Если думать, что такое представление о происхождении веры в воскресение в Древнем Израиле близко к правде, то оно ставит под сомнение две другие гипотезы, которые тут часто предлагают для объяснения. В любом случае, каждая из них сама по себе становится мишенью для беспощадной критики.
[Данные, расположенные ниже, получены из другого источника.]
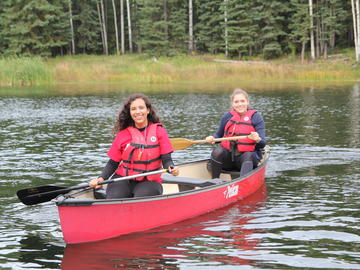 Students paddle in a canoe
Первая гипотеза, все еще популярная среди части ученых, несмотря на убедительные контраргументы, возводит израильскую веру в воскресение к древнему зороастризму. Основной аргумент: израильтяне начали верить в воскресение в вавилонском плену или чуть позже, когда соприкоснулись с зороастризмом, официальной религией Персидской империи[521]. Полемика вокруг этой гипотезы не утихает вот уже более столетия: одна из основных трудностей — недостаток информации о древнем зороастризме (первоисточники относятся к более позднему времени)[522]. Джон Дэй приводит следующие возражения: (1) Книга Даниила, основной библейский выразитель веры в воскресение, содержит аллюзии не только на Исайю, но и на Осию (текст слишком ранний для персидского влияния); (2) образ восстания мертвых из могилы в пророчестве Иезекииля не связан с зороастризмом, ибо персы не погребали своих покойников, а оставляли их на открытом месте[523]. Добавим: стержнем веры в воскресение, появившейся в период изгнания и получившей новый импульс во II веке до н. э., был статус Израиля как богоизбранного народа. Если мы думаем, что одно из основных средств для выражения этого статуса было позаимствовано у людей, которые были причиной проблемы, — подобно военнопленному, который пытается совершить побег, надев ненавистную форму завоевателей! — то не видим гораздо более тонкого процесса богословской религии и благочестия. Сама недоговоренность этой идеи в Ис 53 подразумевает противоположное. Гипотеза о зороастрийском влиянии могла бы иметь смысл, только если бы воскресение было странным и внешним дополнением к вере Израиля — как в случае «апокалиптической» гипотезы, ныне дискредитированной, дуализм которой напоминает зороастризм[524]. Однако новая вера Израиля в воскресение не была дуалистической. Этот побег вырос на израильской почве — из представлений о благости творения, о ГОСПОДЕ, который поражает и животворит, и о будущем народа и земли[525].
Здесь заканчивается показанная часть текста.